SALT LAKE CITY — It happened last week to Deer Creek and Causey and will likely happen at East Canyon sometime this week.

Northern Utah reservoirs that for five years struggled to fill are now emptying water through spillways, structures specifically built to control the safe release of floodwaters downstream.

"It's something people aren't used to because of the drought conditions we've been in," said Marlon Duke, spokesman for the Utah Bureau of Reclamation.

"People are going to be seeing a lot of water over the next month or so."

Duke said the spillway release of extra water is what the dam infrastructure is designed to do.

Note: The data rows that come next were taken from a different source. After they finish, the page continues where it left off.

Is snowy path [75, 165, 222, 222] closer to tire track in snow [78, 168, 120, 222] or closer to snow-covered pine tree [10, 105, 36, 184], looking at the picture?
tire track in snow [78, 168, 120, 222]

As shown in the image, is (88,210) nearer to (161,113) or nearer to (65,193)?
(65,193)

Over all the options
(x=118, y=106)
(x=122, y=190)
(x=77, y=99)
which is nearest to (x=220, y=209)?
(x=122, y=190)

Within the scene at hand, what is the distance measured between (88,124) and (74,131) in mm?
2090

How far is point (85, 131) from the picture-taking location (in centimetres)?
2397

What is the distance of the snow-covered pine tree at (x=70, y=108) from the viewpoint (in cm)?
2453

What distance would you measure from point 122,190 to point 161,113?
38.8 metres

"It isn't anything anybody should be concerned about," he said. "We inspect them all the time and are confident they are capable of handling the water coming down."

At East Canyon, the Weber Basin Water Conservancy District has been managing that reservoir to take on extra water.

"We've kept it down on purpose to handle the last of the snowpack. It acts as a shock absorber," said the district's general manager, Tage Flint.

As it reaches capacity and begins to spill, Flint said there will be more room in the system to handle the coming snowmelt.

Weber Basin Water Conservancy District | Aaron Thorup, Weber Basin Water Conservancy District

The same scenario is playing out at Deer Creek, but water watchers there are nervously keeping an eye on the bulging Provo River, which is at flood stage.

Brian McInerney, hydrologist with the National Weather Service in Salt Lake City, said the flood warning in effect for Provo River downstream from Deer Creek will likely remain for the next two weeks.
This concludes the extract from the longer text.